Plus Cranking new menu, same brilliant site.
Minus As fiendishly expensive as ever.
Seems like you can call anything fanned out on a plate a carpaccio these days. Here’s a carpaccio of sliced white bread I just made. How do you like this carpaccio of milk arrowroot bickies? But though the thought of it might have the guys at Harry’s Bar in Venice spluttering into their Bellinis, the carpaccio of turnips (“Turnips!” they cry, causing tourists to look up in alarm from their $80 bean soups. “Mi dio!”) they’ve been specialling up at Otto lately is such a head-turner that it doesn’t matter. Hell, they could put it in a cocktail glass and call it a Martini and it’d still impress the pants off you. They take slices of turnips that’ve been poached in olive oil and vinegar and artfully scatter them with radish pods, crumbles of salty Binnorie feta, wee baby turnips, basil cress and lovage flowers. There’s a smart chardonnay vinegar in the mix, to keep things from being too bucolic, but, apart from the cheese, everything else came from the farm. The farm? Yes, the farm. Otto has been owned for some years now by the Fink family – the Finks own Quay, Quay has a close working relationship with Blue Mountains farmers Nina and Richard Kalina – and so has access to everything from bijou heirloom vegetables to the darling buds of May. The other big news is that the man joining the dots, head chef Richard Ptacnik, is doing a hell of a job. Having stepped up in the kitchen following the departure of James Kidman, Ptacnik hasn’t just kept the good ship Otto on an even keel, he’s charted a new course for the restaurant, taking it into the kind of territory that befits an important restaurant as it sails around the cape of its 10th birthday.

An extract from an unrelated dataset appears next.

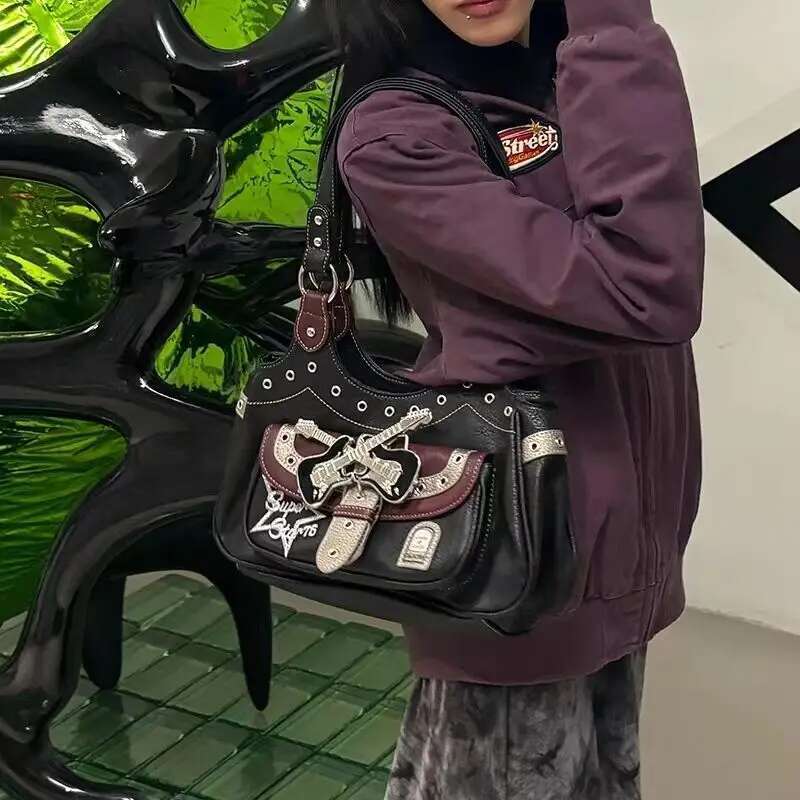 Gothic Punk Y2k One Shoulder Tote Haruku Aesthetic Leather Patchwork Casual Handbag Female Vintage Black Bags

Italian is a theme, a lightning rod for Ptacnik’s talent, rather than a binding set of rules. You’d be hard-pressed to discern an interest in any specific region in the current Otto menus. So often this internationalist-Italianish approach, these Italian palettes, rather than Italian palates, can result in works of limited inspiration and vision, and food that is just not that interesting or fun to eat. The kitchen here rescues its menu from this terrible fate by applying rigorous technique and fresh ideas to produce of dazzling quality. (And at these prices – “hefty”, “substantial”, “golly” all apply – a bit of dazzle is a fair ask.) In short, they get away with taking all this licence because they make it work, making it every bit as dazzling as the Woolloomooloo wharf setting, the whip-smart service and the frankly outstanding people-watching opportunities. This is food you can get excited about.

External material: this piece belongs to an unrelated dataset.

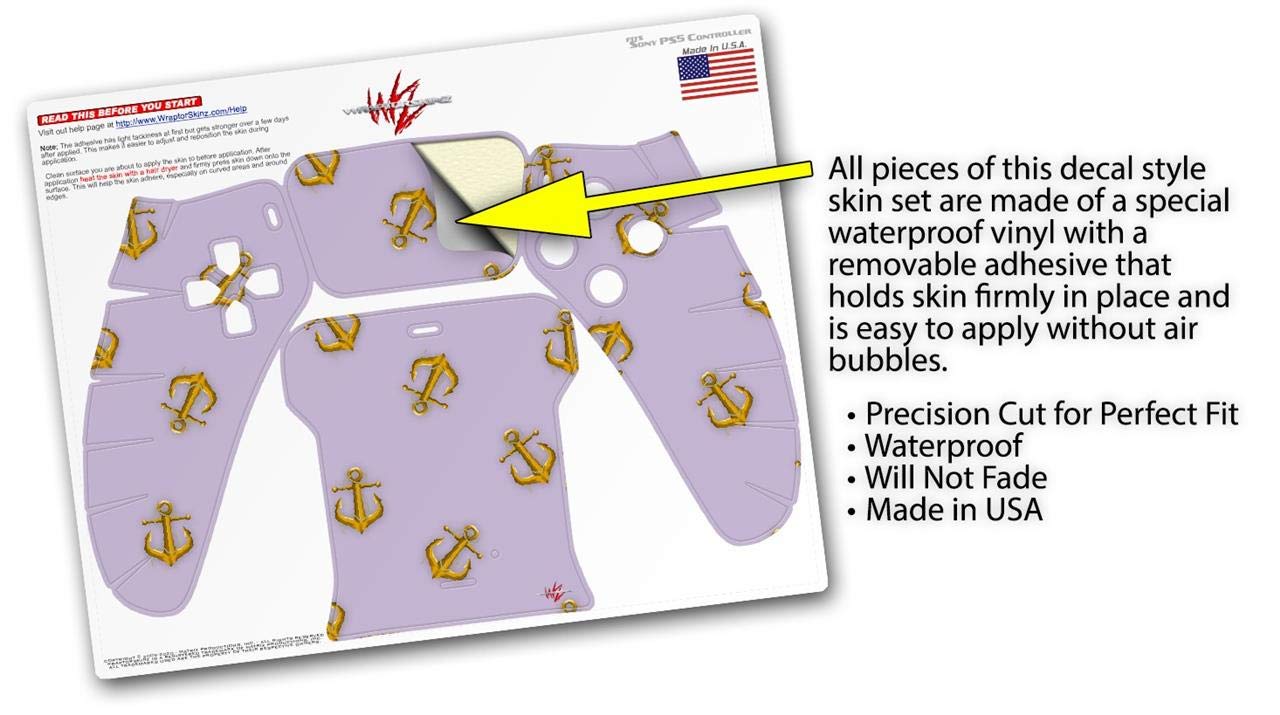 PS5 DualSense Controller Skin Wrap - Anchors Away Lavender for Gaming Protection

Panna cotta is presented not as a dessert from a dariole mould but as a tomato-flavoured entrée spread in a shallow layer across the entire plate. Tangy with balsamic vinegar and bespeckled with berry-sweet semi-dried tomatoes, a rubble of dried black olive and more of those tiny basil leaves, and served with crisp, paper-thin slices of olive loaf, it’s a dish where the clever-dick factor is perfectly balanced by full flavours and voluptuous textures. The pairing of zucchini blossoms and salt cod in another entrée pays similar dividends: two crisply fried flowers fat with a smooth purée of baccalà are teamed with a small panzanella of sorts, a salad entwining ribbons of roast red pepper, cheeks of black olive, native violets and capers. Acidity, texture, sweetness, crunch – it’s all there.

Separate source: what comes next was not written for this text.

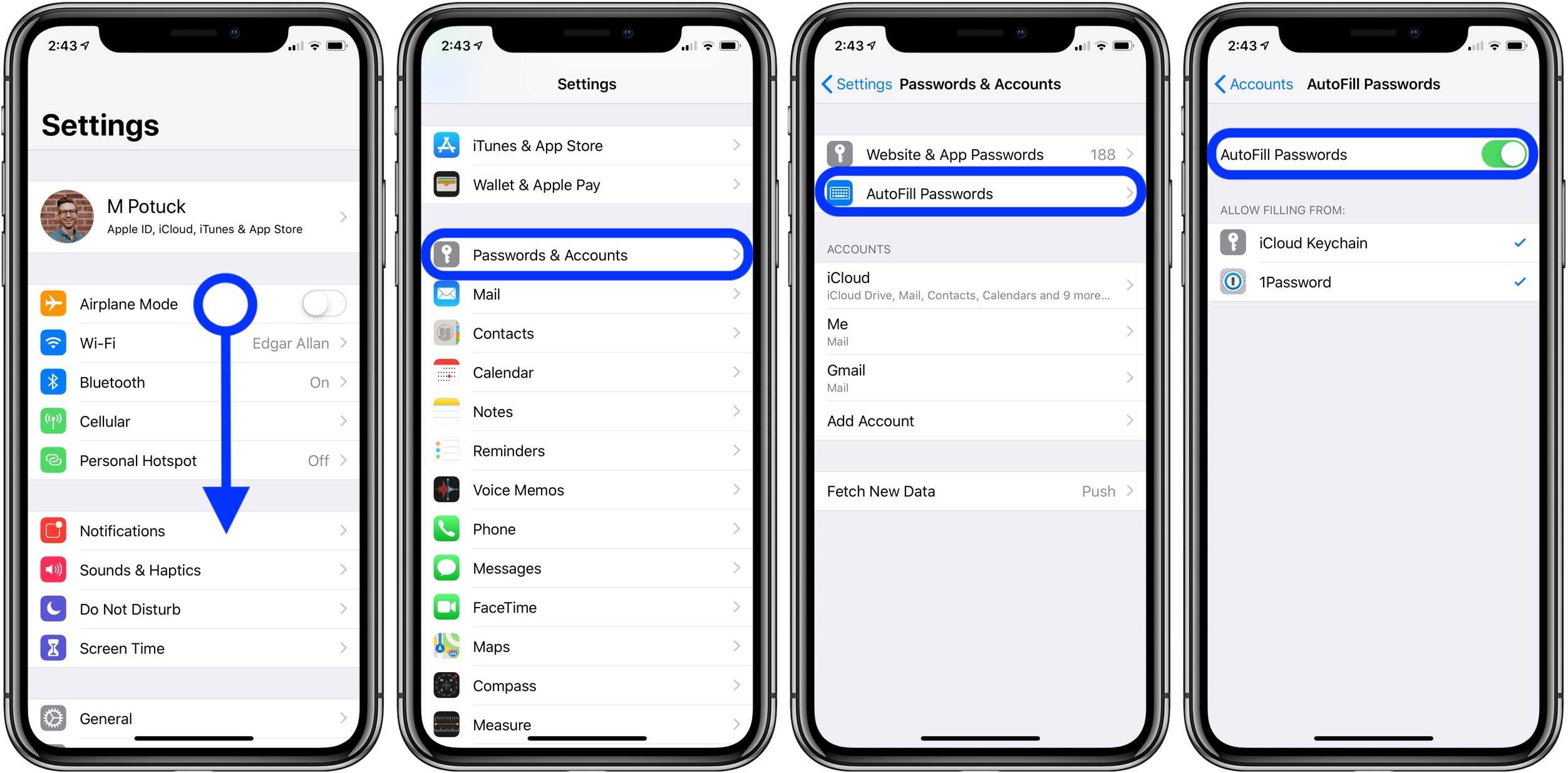 Почему на iphone не работает автозаполнение паролей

Pasta is handled with aplomb, the chefs deftly negotiating a path between the clean lines demanded by a restaurant of this gloss and position and the rustic robustness we still want from an Italian meal. Consider, if you will, a gutsy ragù of wagyu brisket, paired with Giovanni Fabbri stracci, a wide, rippled-edged artisan-made dried noodle. As strong as this foundation is, the kitchen god is definitely in the details: crisp shallot and an ultra-fine chiffonade of bresaola – slices of air-dried beef – that vary the texture and provide little bursts of contrast as you eat.
The ravioli is another blinder. Circles of tender fresh pasta, perfect and plump with a mixture of Taleggio, ricotta and Fontina cheeses, dot the plate like a fine-dining pinball design. It’s eye-rollingly enjoyable eating. All that dairy goodness is cut with subtlety by little dice of pear, shards of parmesan, slashes of pear purée, fresh walnuts and squiggles of mugolio. Mug who? Mugolio, as your waiter will tell you, is a savoury-sweet condiment made from the preserved buds of pines found in Trentino. It has a balsamic funkiness, a treacly depth a bit like chestnut honey, and, in this instance, it ties the flavours of the pear and the cheeses together elegantly.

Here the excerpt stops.